In their temperature-check on the state of film-music literature in the mid-1990s, James Buhler and David Neumeyer (1994) noted the various healthy contributions to the modern study of film scoring of ideas borrowed and developed from semiotics, Marxism, feminism, psychoanalysis and cognitive science, and provided a concise overview of the neo-formalist ‘historical poetics’ which informed the influential attitude towards the history of mainstream narrative film advanced by David Bordwell, Janet Staiger and Kristin Thompson (1985; see also Bordwell 1985). To this list may be added the important fields of filmic genre studies and auteur theory, both of which have continued to shape the lively debates surrounding film music. It seems scarcely credible – and it is certainly no fault of theirs – that Buhler and Neumeyer in 1994 were not able to include in their summary any consideration of the alternative, pop-based scoring practices that long before had radically changed both intellectual and popular conceptions of what music in film could be expected to achieve. Only in the late 1990s was pop scoring tackled with the kind of sympathetic understanding and intellectual rigour Gorbman had devoted to the classical orchestral film score, notably in the work of Jeff Smith (1998) which set a new standard for combining aesthetic insights with telling commercial and industrial contextualization. Until the 1990s few general books on film music had tackled pop scoring or non-Hollywood films convincingly, Roy Prendergast’s widely used textbook (1977, revised 1992) typical of its time in combining numerous practical insights based on personal experience of the US film industry with rather limited critical engagement. This situation changed significantly with Royal S. Brown’s stimulating overview of a wide range of film-scoring practices (1994), his work notably strong on the films of Hitchcock, French cinema and the manifold aspects of postmodern film scoring, which allowed the diversity of film music to speak for itself without the need for any forced theoretical unification.

Since then, rigorous academic studies of film music – including several devoted to pop – have largely been conducted in the context of edited symposia that provide a convenient outlet for relatively specialized research projects. This has resulted in one of the unfortunate, if perfectly understandable, drawbacks of modern film-music scholarship: its tendency to examine only a handful of films (or even a single film) as evidence to support a particular theoretical premise, an approach particularly encouraged by the symposium format. Whilst as a result the rich diversity of film-scoring practices is often thrown into sharp and vivid relief, the wider relevance of theoretical approaches applied to sometimes unrepresentative examples of a multi-faceted commercial art form can often seem somewhat limited. Not surprisingly, perhaps, the commentators whose thinking appeared most helpful for citation in an introductory text such as the present book have tended to be those who, to varying degrees, combine practical knowledge of film with either common sense (for example, Jean Mitry) or provocative ideology (Theodor Adorno and Hanns Eisler), or whose scholarly work was so important and timely as to lay the foundations for much modern thinking about film music (Gorbman, Flinn, Kalinak, Brown, Smith and Michel Chion, amongst others). Alongside the academic literature exists a sizeable corpus of anecdotal material in secondary sources on (primarily Hollywood) film music and film composers’ biographies and autobiographies, much of which is highly illuminating and frequently cited here. In general, for the present remit I have mostly prioritized factual information above theoretical abstraction and hope that my citations from a wide range of film-music commentators of differing temperaments will serve to stimulate readers to go on to explore, at their leisure, particular avenues of interpretative, commercial or technical interest in greater depth.

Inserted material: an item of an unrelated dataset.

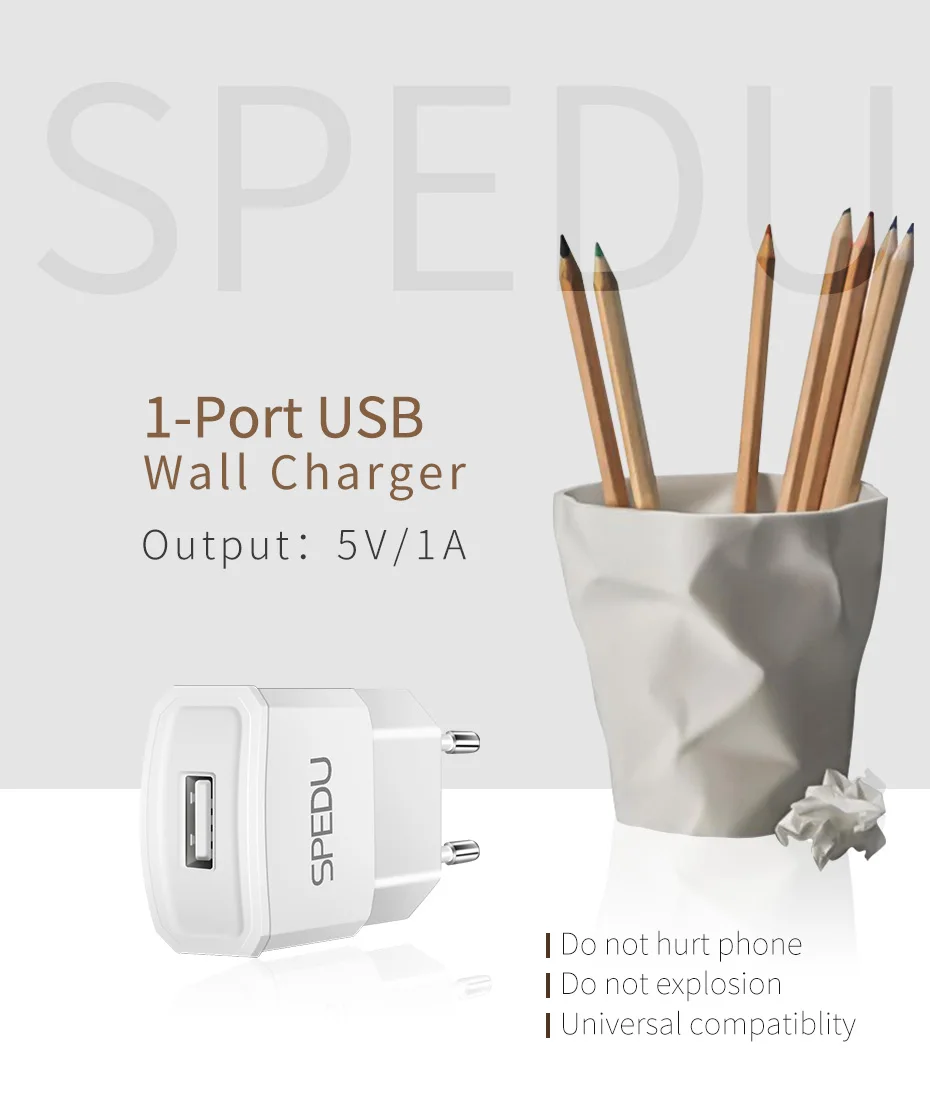 SPEDU 5V1A ЕС вилка USB настенное зарядное устройство адаптер для iphone xs 7 8 samsung Xiaomi redmi note 7 Быстрая зарядка для мобильных телефонов huawei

While Hollywood film-making is inevitably allocated a lion’s share of the present text, given its longstanding global domination of film production and consumption both commercially and conceptually, film music from six other major film-producing countries is also examined in some detail. To cover all world cinema in equal depth in a volume of this size has not been feasible, and it is to be hoped that in due course international film-music developments will receive a truly comprehensive coverage to rival that of such impressively wide-ranging film histories as those by Kristin Thompson and David Bordwell (2003) and David Cook (2004). For the present book, in addition to its central focus on American cinema, I have elected to concentrate on film music in the United Kingdom (Chapter 6), France (Chapter 8), the early Soviet Union, India, Italy and Japan (Chapter 9): the first because of its close but not always easy relationship with Hollywood and linguistic common ground, the second as much for its international influence on film-making techniques in two seminal periods (1930s and 1960s) as for its own distinctive characteristics, and the remaining four because in their own different ways they have each managed to retain clear national identities while at the same time (in certain directors’ hands) transcending the sometimes seemingly unbridgeable gaps between indigenous cultures and international appeal. Film music in certain other regions – for example Australasia, China, Germany, Greece and Scandinavia – is discussed more briefly at various points. Uses of pre-existing popular and classical music in film are for convenience of comparison given chapters to themselves (Chapters 10 and 11), as are the special generic cases of documentary and animation (Chapter 7). The main thrust of the book inevitably centres on the narrative fiction film which has long been the dominant international norm.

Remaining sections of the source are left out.